“Did you say you were coming to Anagram with us tomorrow?” Dawn asked, as we separated to take the elevators to our respective rooms.
“Sure,” I said. “Thanks for the invitation, we’d love to.”
I didn’t want to go, and Matteo would be furious. This seemed to me a good compensation for what I’d done, or failed to do, with Dawn today.
I threw open the curtains of our corner room. Matteo was junior, so we faced the city port, where I watched cruise ships dock and embark while Spanish music videos played on the TV. At midnight, an English program about covered bridges in Iowa came on and I watched until Matteo stumbled through the door, drunk on Scotch.
“Oh my God,” he said, and threw himself face down on top of the coverlet.
I rubbed his back, his dress shirt slipping against my fingers.
“Every man is crazy, Allison. Did you know that?”
“Who?”
“Howie. Ganesh. Josh.”
“And women aren’t?”
“Yeah, but everybody expects you to be.”
Matteo turned over. His dark curls spread across the white coverlet like a Victorian mourning wreath. I smiled. He propped himself up and pulled me beneath him. I still pulsed from the Madonna’s infusion.
“It might be weird,” I said. “I’ve got some weird energy on me today.”
“Me too,” he said, undoing my pajama top.

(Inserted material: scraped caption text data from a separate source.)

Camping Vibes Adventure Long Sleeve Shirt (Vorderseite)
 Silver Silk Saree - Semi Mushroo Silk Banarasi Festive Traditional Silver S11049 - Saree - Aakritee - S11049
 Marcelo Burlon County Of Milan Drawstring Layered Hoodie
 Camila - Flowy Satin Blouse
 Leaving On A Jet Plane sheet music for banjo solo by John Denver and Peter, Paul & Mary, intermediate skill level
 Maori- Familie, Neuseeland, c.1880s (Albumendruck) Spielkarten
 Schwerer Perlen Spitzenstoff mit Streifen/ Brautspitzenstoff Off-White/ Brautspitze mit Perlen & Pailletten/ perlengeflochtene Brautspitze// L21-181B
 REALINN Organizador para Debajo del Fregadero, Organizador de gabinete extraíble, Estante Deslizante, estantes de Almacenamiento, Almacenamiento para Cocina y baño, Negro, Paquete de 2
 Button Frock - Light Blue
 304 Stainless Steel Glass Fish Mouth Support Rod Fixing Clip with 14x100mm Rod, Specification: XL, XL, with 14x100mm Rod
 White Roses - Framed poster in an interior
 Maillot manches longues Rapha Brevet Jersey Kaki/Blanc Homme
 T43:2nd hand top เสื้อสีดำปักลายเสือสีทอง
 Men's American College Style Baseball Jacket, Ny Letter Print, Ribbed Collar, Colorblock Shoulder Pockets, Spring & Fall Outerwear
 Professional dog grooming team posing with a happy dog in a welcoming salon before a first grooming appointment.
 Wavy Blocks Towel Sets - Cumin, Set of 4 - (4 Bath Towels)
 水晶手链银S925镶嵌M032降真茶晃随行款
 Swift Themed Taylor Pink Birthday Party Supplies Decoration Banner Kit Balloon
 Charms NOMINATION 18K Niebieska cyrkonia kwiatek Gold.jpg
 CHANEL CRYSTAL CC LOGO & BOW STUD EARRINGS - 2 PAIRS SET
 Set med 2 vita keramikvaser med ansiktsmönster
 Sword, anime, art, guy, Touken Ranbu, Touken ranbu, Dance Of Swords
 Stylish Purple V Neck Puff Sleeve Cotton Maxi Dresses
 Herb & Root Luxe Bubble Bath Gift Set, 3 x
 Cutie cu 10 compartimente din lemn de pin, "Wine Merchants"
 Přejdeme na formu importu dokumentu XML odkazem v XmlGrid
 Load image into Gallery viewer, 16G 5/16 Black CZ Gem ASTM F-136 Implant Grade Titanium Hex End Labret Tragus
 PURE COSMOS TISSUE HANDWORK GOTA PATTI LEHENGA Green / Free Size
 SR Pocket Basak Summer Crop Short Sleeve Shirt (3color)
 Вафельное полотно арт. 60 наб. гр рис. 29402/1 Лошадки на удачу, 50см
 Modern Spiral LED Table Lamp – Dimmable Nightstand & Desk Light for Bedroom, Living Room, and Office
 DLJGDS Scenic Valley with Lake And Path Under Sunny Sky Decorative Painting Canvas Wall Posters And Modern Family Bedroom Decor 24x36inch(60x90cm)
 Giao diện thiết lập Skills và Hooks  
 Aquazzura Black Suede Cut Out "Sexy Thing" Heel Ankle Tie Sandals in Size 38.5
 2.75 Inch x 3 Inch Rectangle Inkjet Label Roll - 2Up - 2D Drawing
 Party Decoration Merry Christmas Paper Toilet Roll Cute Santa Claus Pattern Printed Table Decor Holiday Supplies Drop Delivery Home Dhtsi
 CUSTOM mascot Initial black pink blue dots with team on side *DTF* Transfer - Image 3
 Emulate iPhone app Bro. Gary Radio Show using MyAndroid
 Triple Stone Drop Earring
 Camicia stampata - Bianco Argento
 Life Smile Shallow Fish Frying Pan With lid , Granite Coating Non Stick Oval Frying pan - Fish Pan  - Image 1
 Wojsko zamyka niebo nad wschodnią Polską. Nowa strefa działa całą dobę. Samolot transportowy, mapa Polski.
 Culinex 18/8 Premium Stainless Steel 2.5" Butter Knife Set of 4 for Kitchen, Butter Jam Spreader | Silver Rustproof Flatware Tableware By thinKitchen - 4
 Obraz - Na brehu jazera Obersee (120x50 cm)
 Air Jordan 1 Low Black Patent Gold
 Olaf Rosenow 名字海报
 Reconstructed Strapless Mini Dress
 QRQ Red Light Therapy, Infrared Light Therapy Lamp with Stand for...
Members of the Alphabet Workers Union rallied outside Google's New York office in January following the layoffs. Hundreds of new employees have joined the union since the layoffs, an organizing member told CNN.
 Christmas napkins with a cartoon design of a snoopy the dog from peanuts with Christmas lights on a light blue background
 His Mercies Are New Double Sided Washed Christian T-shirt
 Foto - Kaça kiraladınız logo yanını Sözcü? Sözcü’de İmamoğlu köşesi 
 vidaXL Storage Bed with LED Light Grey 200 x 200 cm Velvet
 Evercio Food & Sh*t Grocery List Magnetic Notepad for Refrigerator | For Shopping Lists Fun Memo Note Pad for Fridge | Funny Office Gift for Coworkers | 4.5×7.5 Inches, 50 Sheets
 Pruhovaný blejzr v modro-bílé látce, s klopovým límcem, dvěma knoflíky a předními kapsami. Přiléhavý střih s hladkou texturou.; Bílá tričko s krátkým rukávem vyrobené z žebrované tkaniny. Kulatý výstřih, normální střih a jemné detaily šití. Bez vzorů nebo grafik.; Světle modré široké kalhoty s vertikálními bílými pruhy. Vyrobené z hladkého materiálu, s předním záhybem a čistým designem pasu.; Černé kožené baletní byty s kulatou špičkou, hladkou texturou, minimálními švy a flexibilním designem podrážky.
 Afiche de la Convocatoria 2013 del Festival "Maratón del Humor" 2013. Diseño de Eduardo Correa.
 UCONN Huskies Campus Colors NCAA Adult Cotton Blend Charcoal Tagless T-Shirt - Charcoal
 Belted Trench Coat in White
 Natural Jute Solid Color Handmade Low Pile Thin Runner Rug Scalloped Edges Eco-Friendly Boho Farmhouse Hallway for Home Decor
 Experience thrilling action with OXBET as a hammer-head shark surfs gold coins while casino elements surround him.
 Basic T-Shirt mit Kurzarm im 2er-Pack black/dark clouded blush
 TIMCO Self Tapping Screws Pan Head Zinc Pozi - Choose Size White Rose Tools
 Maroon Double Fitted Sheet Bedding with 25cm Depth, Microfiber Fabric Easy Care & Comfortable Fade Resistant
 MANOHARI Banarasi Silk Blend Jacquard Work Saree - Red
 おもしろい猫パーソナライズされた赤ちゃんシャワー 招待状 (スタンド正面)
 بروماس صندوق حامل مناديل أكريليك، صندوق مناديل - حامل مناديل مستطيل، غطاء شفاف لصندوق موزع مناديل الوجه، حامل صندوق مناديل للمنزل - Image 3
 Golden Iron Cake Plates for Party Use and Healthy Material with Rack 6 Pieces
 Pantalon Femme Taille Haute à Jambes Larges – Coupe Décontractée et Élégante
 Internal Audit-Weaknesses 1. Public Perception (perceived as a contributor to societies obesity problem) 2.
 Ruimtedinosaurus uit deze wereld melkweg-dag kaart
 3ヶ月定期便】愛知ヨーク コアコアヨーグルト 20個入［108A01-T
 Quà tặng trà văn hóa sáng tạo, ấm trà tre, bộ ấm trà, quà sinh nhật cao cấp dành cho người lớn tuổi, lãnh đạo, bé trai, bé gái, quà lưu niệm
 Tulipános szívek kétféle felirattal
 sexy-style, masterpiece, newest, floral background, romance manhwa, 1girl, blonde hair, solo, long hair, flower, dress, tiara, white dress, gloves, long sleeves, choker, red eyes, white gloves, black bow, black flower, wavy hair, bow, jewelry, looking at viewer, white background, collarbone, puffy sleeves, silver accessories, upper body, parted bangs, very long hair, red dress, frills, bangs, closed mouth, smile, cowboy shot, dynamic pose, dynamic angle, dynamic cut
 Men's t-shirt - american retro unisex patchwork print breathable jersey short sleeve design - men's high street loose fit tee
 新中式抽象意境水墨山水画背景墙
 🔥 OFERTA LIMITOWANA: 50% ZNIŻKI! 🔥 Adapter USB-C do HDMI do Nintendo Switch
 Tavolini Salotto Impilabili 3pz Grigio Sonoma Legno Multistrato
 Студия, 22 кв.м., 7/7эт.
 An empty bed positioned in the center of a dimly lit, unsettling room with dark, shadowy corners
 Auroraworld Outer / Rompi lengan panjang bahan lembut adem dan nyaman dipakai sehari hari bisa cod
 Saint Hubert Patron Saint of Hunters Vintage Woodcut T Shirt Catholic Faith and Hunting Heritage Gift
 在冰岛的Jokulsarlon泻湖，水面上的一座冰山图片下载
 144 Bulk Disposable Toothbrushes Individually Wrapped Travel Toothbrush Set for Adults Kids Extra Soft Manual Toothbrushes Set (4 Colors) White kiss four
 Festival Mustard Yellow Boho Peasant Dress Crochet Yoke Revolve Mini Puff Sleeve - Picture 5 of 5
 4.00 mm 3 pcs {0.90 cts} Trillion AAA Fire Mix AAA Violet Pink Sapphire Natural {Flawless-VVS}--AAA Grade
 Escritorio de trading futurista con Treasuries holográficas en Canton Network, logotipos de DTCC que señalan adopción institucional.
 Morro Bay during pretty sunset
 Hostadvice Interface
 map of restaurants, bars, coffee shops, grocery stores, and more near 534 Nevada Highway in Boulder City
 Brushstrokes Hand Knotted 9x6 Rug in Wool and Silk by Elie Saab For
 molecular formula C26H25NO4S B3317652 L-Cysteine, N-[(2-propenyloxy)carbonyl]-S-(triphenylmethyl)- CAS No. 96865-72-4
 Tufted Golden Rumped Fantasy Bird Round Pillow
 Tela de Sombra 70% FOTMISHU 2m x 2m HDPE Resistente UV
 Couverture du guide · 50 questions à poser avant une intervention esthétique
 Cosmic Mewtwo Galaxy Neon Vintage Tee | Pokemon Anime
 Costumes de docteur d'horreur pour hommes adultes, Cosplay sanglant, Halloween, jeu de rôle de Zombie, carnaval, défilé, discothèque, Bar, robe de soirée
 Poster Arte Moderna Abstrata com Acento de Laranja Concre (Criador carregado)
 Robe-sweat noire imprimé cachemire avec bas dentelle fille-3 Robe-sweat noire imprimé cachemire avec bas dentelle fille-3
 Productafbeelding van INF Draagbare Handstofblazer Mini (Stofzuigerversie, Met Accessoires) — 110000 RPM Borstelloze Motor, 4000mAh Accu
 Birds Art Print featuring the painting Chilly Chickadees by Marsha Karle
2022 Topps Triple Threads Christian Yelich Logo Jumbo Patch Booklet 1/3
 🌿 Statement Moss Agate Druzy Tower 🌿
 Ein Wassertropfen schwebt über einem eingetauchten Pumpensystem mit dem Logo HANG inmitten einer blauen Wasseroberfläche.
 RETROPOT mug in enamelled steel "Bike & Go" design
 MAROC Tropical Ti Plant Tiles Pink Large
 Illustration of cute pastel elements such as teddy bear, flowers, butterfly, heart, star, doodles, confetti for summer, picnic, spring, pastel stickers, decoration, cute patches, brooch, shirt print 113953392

He was heavy, dragged down by the scotch in his muscles. When he turned me over, the thrusts were furious and deep, but pleasurable. He was taking out the day on me, but I liked that Matteo could get angry, rather than wallowing in self-pity. The previous summer, I’d been cornered by Howie on a company-sponsored booze cruise outside Villefranche-sur-Mer. He stuck out his forearms and asked me to feel them.
“There’s no hair on them anymore,” he’d said. “I went to the hospital last week. I think I’m dying.”
I’d rubbed Howie’s smooth arms with my fingertips, murmured “I’m very, very sorry,” and gotten us two shots of Fireball from the bar.
When we woke in the morning, I told Matteo about Anagram.
“Shit,” he said. “Why did you say yes?”